Although the concept of genomic selection relies on linkage disequilibrium (LD) between quantitative trait loci and markers, reliability of genomic predictions is strongly influenced by family relationships. In this study, we investigated the effects of LD and family relationships on reliability of genomic predictions and the potential of deterministic formulas to predict reliability using population parameters in populations with complex family structures. Five groups of selection candidates were simulated taking different information sources from the reference population into account: 1) allele frequencies; 2) LD pattern; 3) haplotypes; 4) haploid chromosomes; 5) individuals from the reference population, thereby having real family relationships with reference individuals. Reliabilities were predicted using genomic relationships among 529 reference individuals and their relationships with selection candidates and with a deterministic formula where the number of effective chromosome segments (M(e)) was estimated based on genomic and additive relationship matrices for each scenario. At a heritability of 0.6, reliabilities based on genomic relationships were 0.002±0.0001 (allele frequencies), 0.015±0.001 (LD pattern), 0.018±0.001 (haplotypes), 0.100±0.008 (haploid chromosomes) and 0.318±0.077 (family relationships).
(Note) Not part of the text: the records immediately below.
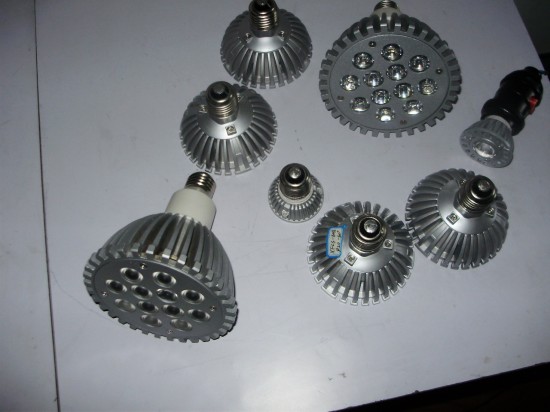 LED-Innenbeleuchtung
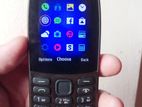 Nokia Asha 210 . (Used)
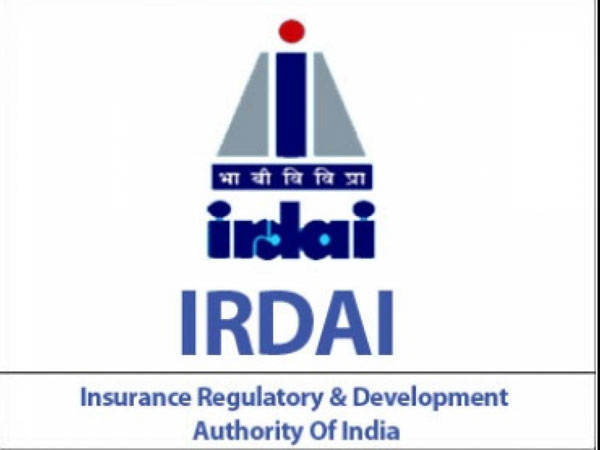 irdai పాలసీలు..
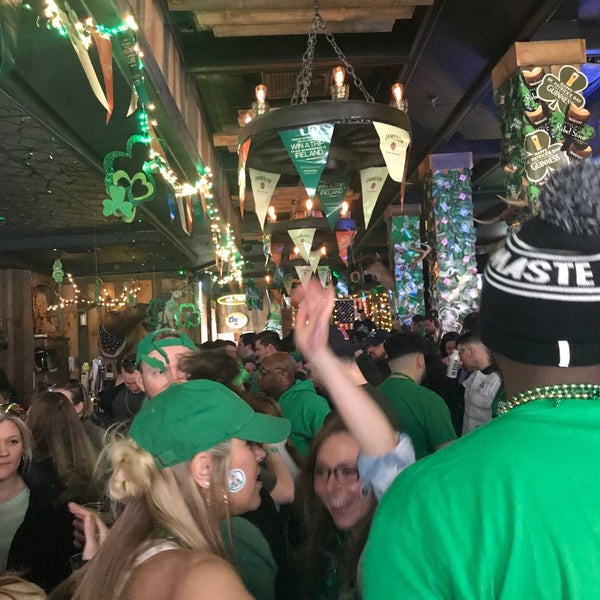 Photo taken at Rocking Horse Saloon by Lea L. on 3/11/2018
At a heritability of 0.1, relative differences among groups were similar. For all scenarios, reliabilities were similar to predictions with a deterministic formula using estimated M(e). So, reliabilities can be predicted accurately using empirically estimated M(e) and level of relationship with reference individuals has a much higher effect on the reliability than linkage disequilibrium per se. Furthermore, accumulated length of shared haplotypes is more important in determining the reliability of genomic prediction than the individual shared haplotype length.